The investigation also found that Gore neglected several steps that deputies are expected to take when developing a suspect, such as confirming the suspect’s identity with the alleged victim, locating all parties involved, and reviewing the alleged victim’s written statement.
On February 17, a criminal summons was issued for Ward to appear before County Judge Melissa Moore-Stens on march 22. He did not do so, of course.

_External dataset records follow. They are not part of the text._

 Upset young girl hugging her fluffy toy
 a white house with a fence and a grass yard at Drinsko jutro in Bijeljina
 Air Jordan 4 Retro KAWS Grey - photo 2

On March 22, Moore-Stens signed a warrant for his arrest, and on March 26, he was arrested.
The sheriff’s office began correcting the mistake on April 1, when Dakota Ward’s booking image and information was removed from the jail’s website.
Gore, who has 10 days to appeal his suspension, had been disciplined on March 30 by being removed from the Field Training Officer program–in which deputies supervise and evaluate new recruits–and suspended from the SWAT team “for attendance and performance issues.” The day when that suspension was handed down corresponded with one of the days Gore said he was sick.

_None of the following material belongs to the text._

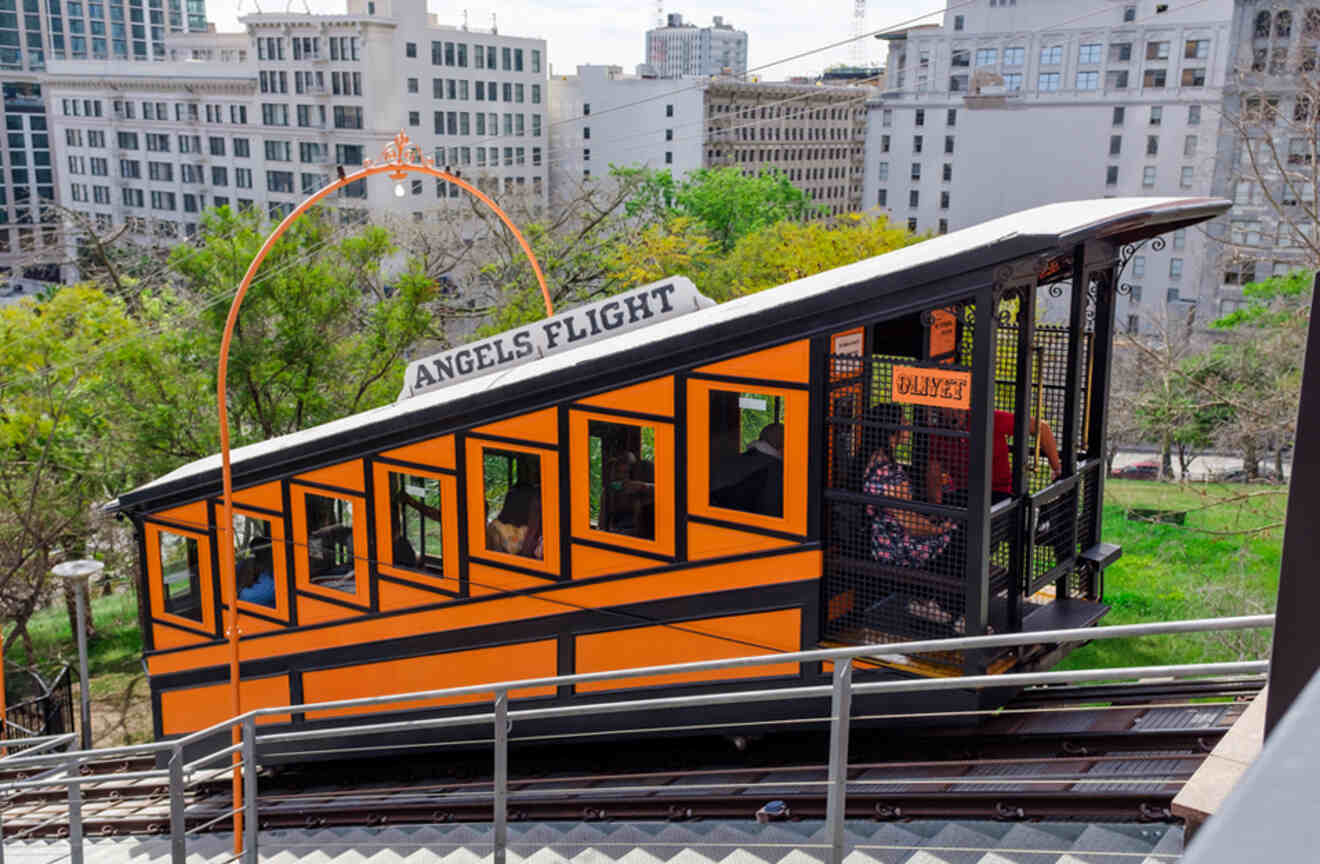 an orange trolley car on a city street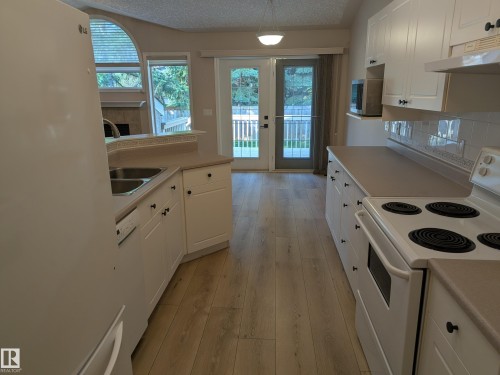 211 Youville Drive Nw, Edmonton, AB - Indoor Photo Showing Kitchen With Double Sink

The investigative report has mistakes of its own, listing some incidents on its timeline as taking place on April 31, 2006. The sheriff’s office on Saturday sent a corrected copy of the report.
“The Sheriff’s Office has nearly completed administratively expunging this arrest record and any related reports. His arrest photo was immediately removed from the sheriff’s Web site April 1,” the release states.

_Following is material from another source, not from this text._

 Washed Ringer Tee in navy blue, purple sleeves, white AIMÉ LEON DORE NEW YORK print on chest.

The release leaves silent the fact that Ward still has a criminal record in the court system, and that that record may not be removed without formal expunging proceedings, which can be costly, take time, and are afforded an individual only once in his lifetime.
“This was a terrible mistake and we offer our sincere apology to this man and his family and we are doing everything in our power to rectify this matter,” Manfre is quoted as saying in the release. “It’s clear from this investigation that this was an isolated incident and had standard criminal investigative procedures been followed, these mistakes would have never occurred.”